Scott, the director of the National Center for Science Education in Oakland, has been fighting this particular battle for more than 15 years, and it has taken her around the country — from small towns in California to the deep South.

Her opponents are parents, politicians and even teachers who want creationism — the belief that God created human beings as literally described in the Bible — taught in public schools. This despite the fact that the U.S. Supreme Court has issued numerous decisions disallowing the teaching of creationism in public schools because it is a religious view and would violate the separation of church and state.

Scott’s work often takes her into the Bible Belt — the Midwest and the South — but closer to home, a recent conference in San Francisco on “intelligent design” attracted 200 college students and adults. Here Scott was confronted by the relatively new attack on evolution: scientists looking for scientific evidence to prove creationism is true.

While organizers insisted that the conference was about science — creation science — not religion, almost all the speakers were creationists. The intelligent design theory says that life on Earth is so complex and intricate that only an intelligent entity could have designed it.

“What we call creation science makes no reference to the Bible,” said Duane Gish, vice president of the Institute for Creation Research in San Diego.

“It says there are two possible explanations for the origin of the universe and living things: theistic, supernatural creation by an intelligent being, or nontheistic, mechanistic evolutionary theory that posits no goal and no purpose in the evolutionary process. We just happen to be here.”

“I think what bothers me so much of the time,” Scott said, “is they take the data and theory and distort it. They must know they’re distorting.”

But intelligent design theory has gained a lot of momentum, Scott said, because it allows religion, labeled as science, to sneak into schools through the back door.

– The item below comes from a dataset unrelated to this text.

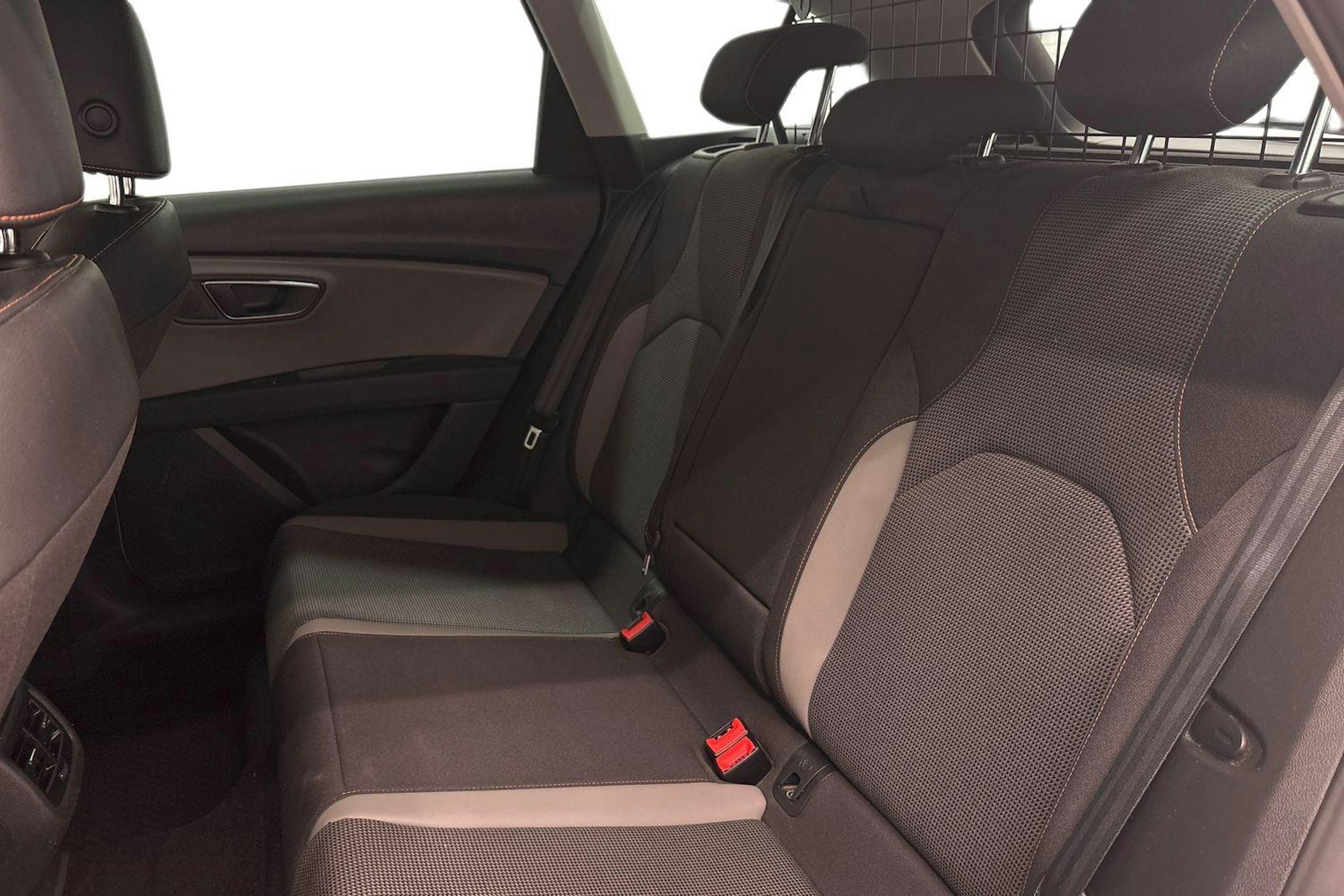 valkoinen SEAT Leon X-Perience 2015 kuva 10.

But another opponent, Phillip Johnson, a Jefferson E. Peyser professor of law, emeritus at UC Berkeley’s Boalt Hall School of Law and author of “Darwin on Trial,” said Darwinism is all about religion.

“Its (evolution’s) impact is cultural,” he said. “It’s impact is it puts God out of reality. I am not bringing religion into the sacred precinct of science. The biologists are already neck deep in religion.”

The Ohio Board of Education recently considered including intelligent design theory in the science curriculum, but after a long debate voted against it. Scott and the National Center for Science Education advised the opponents of the proposal and counts it as another victory. However, Johnson also considers it a victory because the ruling did not exclude teaching intelligent design.

Don Kennedy, a Stanford University biology professor and editor in chief of the journal Science, said Scott has been effective because she’s knowledgeable about evolutionary theory.

“She’s the central force in contesting creationist claims by bringing good science to bear,” he said.

Scott grew up in Wisconsin and studied physical anthropology. She first heard of creationism in 1971, when she was a graduate student and, fascinated by what she thought was a rarity, started collecting literature and information on the movement.

Later, while teaching physical anthropology at the University of Kentucky in 1980, she led her first successful battle, blocking a Kentucky school board from including creationism in the curriculum.

In 1987, Scott was hired as the founding director of the nonprofit National Center for Science Education, the only national organization dedicated to “defending the teaching of evolution in public schools.”

In 2001, Scott’s organization recorded incidents in 43 school districts and five state boards of education in which the teaching of evolution was challenged. Legislation promoting the teaching of creationism was introduced in eight state legislatures and in the U.S. Senate, according to the center.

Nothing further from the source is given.